## Task to carry out
Exactly as written, set down each line of the data below except its pictures.

## Data extract
◆ ◆ ◆

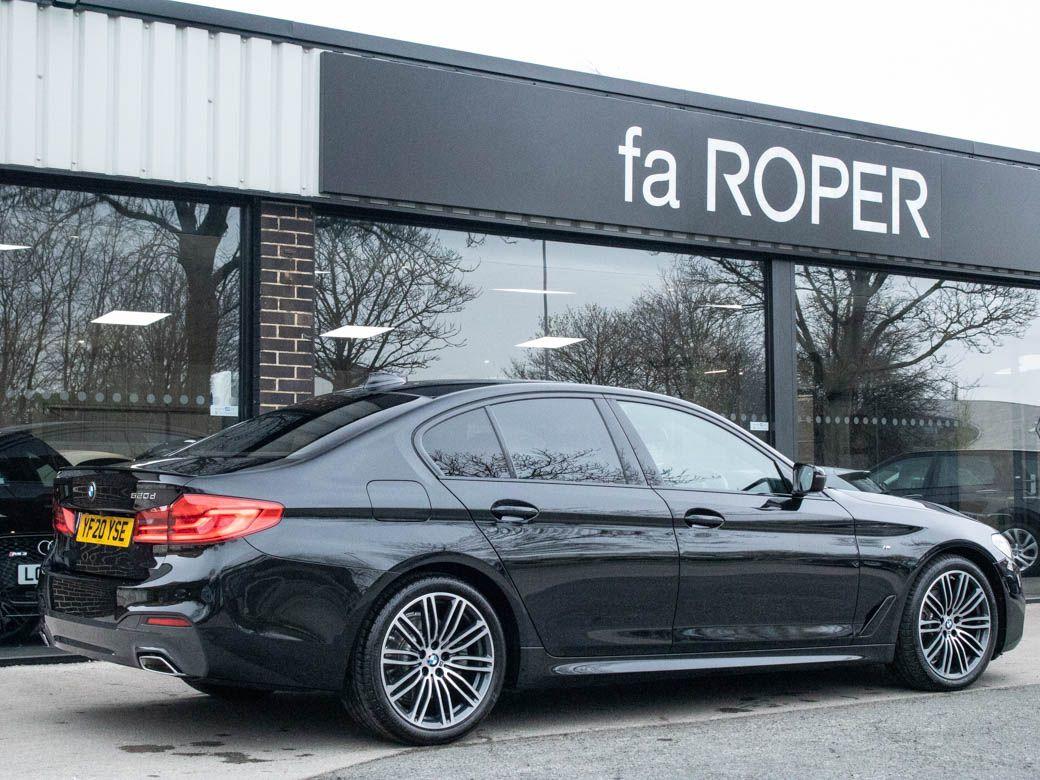 BMW 5 Series 2.0 520d MHT M Sport Plus Auto Saloon Diesel Black Sapphire Metallic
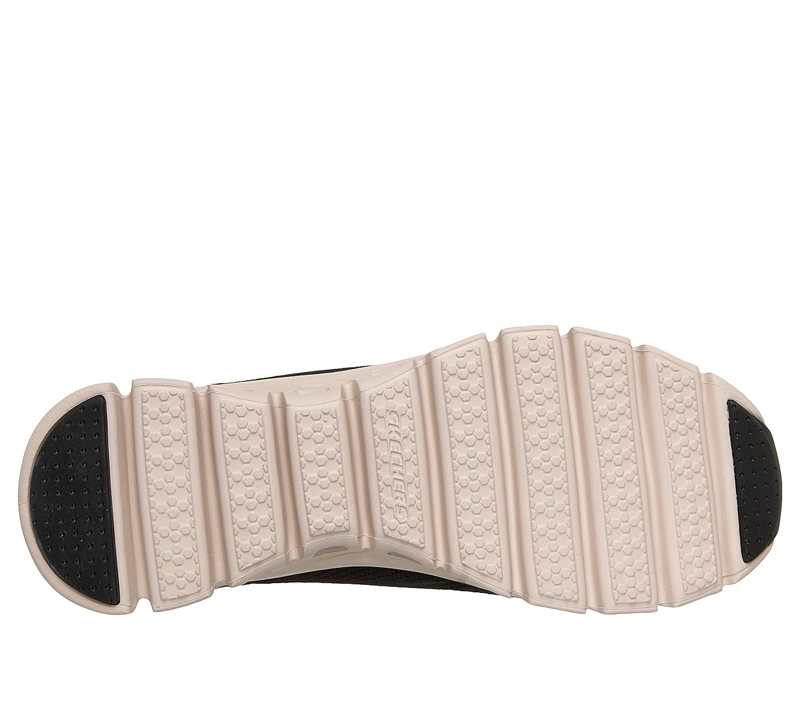 ZAPATILLAS SKECHERS MUJER SLIP-INS GLIDE-STEP VIBEY NEGRO - 3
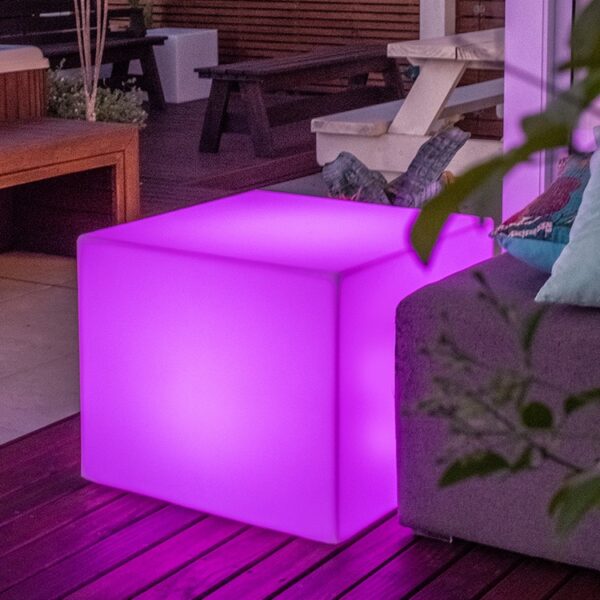 cubo 55 led rgb artiluminacao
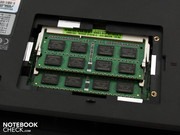 Two RAM modules of the DDR3 variety each with 1048 MB.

◆ ◆ ◆

## Written response
 BMW 5 Series 2.0 520d MHT M Sport Plus Auto Saloon Diesel Black Sapphire Metallic
 ZAPATILLAS SKECHERS MUJER SLIP-INS GLIDE-STEP VIBEY NEGRO - 3
 cubo 55 led rgb artiluminacao
 Two RAM modules of the DDR3 variety each with 1048 MB.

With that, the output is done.